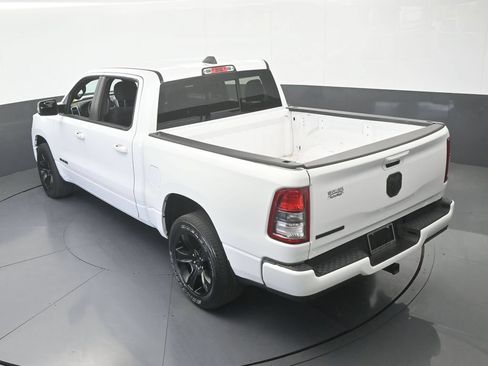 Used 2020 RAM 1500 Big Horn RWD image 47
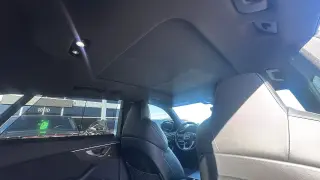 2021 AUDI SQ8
* * *
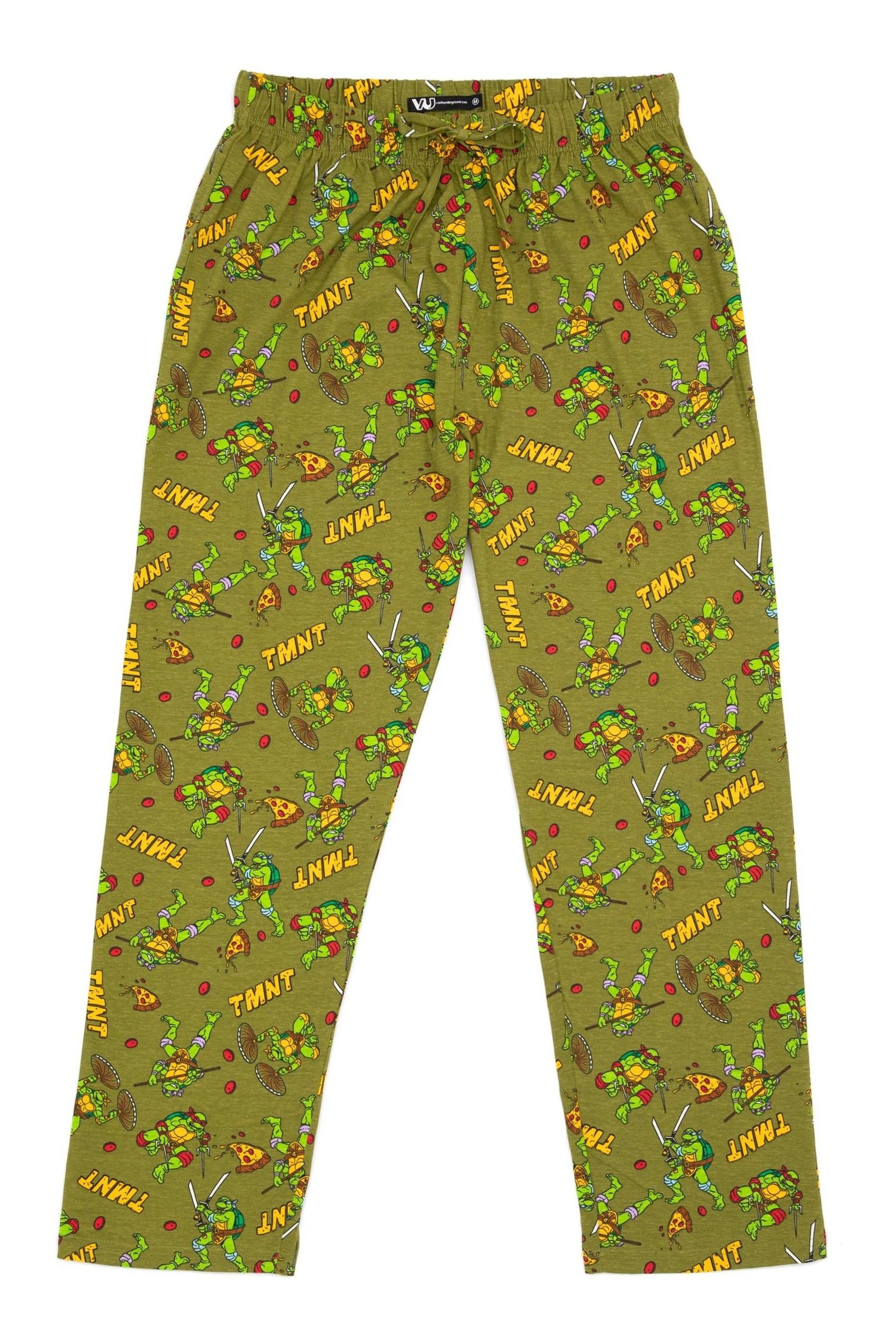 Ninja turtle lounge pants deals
==
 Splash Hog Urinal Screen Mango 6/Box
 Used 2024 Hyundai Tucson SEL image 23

* **Your assignment**: Going by the data above, give back only the lines from the one containing "Used 2020 RAM 1500 Big Horn RWD image 47" through the one containing "2021 AUDI SQ8", exactly as they stand, both ends included and no images.

* **Your solution**:
 Used 2020 RAM 1500 Big Horn RWD image 47
 2021 AUDI SQ8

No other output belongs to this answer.